Member of Parliament for Tottenham South
- In office 30 May 1929 – 27 October 1931
- Preceded by: Patrick Bernard Malone
- Succeeded by: Francis Noel Palmer
- In office 14 November 1935 – 23 February 1950
- Preceded by: Francis Noel Palmer
- Succeeded by: Constituency abolished

Member of Parliament for Tottenham
- In office 23 February 1950 – 8 October 1959
- Preceded by: Constituency established
- Succeeded by: Alan Grahame Brown

Chairman of Middlesex County Council
- In office 1947–1948
- Preceded by: Bernard Harry Rockman
- Succeeded by: William John Irving

Personal details
- Born: 12 May 1886 Islington, United Kingdom
- Died: 8 May 1971 (aged 84) Croydon, United Kingdom

= Frederick Messer =

English Labour politician

Sir Frederick Messer CBE (12 May 1886 – 8 May 1971) was an English trade unionist, Labour Party politician and animal welfare activist. He was a member of the House of Commons and Chairman of Middlesex County Council.

==Life and Career==

Messer was born in north London and was the son of a poor law officer. He was educated at Thornhill Primary School, Islington before entering an apprenticeship as a French polisher. He became one of the first members of the French Polishers Union. He subsequently changed his career, becoming national organiser of the Industrial Orthopaedic Society.
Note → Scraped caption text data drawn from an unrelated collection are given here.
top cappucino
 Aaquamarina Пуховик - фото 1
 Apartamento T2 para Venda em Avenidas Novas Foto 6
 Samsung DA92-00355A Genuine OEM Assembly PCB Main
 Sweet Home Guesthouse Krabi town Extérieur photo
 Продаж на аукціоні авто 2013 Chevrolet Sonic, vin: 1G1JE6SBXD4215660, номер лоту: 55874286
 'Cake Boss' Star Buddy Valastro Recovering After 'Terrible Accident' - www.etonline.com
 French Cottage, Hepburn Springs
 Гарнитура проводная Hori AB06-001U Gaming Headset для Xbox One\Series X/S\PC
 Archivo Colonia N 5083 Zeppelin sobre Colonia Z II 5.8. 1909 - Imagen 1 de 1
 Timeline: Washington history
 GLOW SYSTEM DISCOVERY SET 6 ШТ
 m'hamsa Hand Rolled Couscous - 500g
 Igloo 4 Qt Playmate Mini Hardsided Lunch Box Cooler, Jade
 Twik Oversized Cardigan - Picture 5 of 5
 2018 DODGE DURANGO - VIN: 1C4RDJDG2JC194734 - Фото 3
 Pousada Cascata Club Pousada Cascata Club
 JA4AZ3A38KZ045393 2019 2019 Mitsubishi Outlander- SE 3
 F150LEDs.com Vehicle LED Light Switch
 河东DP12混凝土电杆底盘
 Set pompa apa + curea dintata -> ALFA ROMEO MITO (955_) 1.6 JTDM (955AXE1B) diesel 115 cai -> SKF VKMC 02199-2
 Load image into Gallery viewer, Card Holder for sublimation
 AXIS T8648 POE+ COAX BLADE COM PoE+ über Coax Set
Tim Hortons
He was elected as a Labour Party Member of Parliament (MP) for Tottenham South at the 1929 general election. Two years later another election was held and Messer was defeated in a straight fight with the National Labour candidate, Francis Palmer The situation was reversed when he regained the seat from Palmer at the next general election in 1935. He held the seat until its abolition in 1950, and was MP for the successor seat of Tottenham from 1950 until his retirement from parliament in 1959. He was appointed a Commander of the Order of the British Empire in 1948 "for political and public services" and knighted in the 1953 Coronation Honours List.

As well as serving in parliament, he was for many years a member of Middlesex County Council. For 15 years he was chairman of the Labour group on the council, and in 1938 was elevated to become an alderman. He served as chairman of the council from 1947 to 1948, the first member of the Labour Party to hold the chair. A Bevanite, in 1958 he became the first president of Victory for Socialism, a left-wing ginger group within the Labour Party.

Messer died in Croydon, aged 84.

==Animal welfare==

In 1954, Messer supported the Protection of Animals (Anaesthetics) Bill which had a second reading in the House of Commons. The Bill made it an offence to perform certain operations on cattle, cats, dogs and horses without the use of anaesthetics. The Bill had been prepared by the British Veterinary Association and received support from the National Farmers' Union, British Horse Society and the RSPCA.

In the late 1950s, Messer campaigned against deer hunting. He was a member of the National Abolition of Deer Hunting Committee. In 1957, he introduced to Parliament the Protection of Deer Bill. The Bill prohibited the hunting with hounds of deer and proposed humane methods of control. The Bill was drafted in consultation with the League Against Cruel Sports and also received support from the RSPCA.

In 1959, Messer performed the commentary on a 25 minute film of deer being hunted in Britain. The film took two years to produce and included footage of hunting scenes, including the chase, kill and cutting of dead deer. The film was made by the National Abolition of Deer Hunting Committee and was shown to MP's in the House of Commons.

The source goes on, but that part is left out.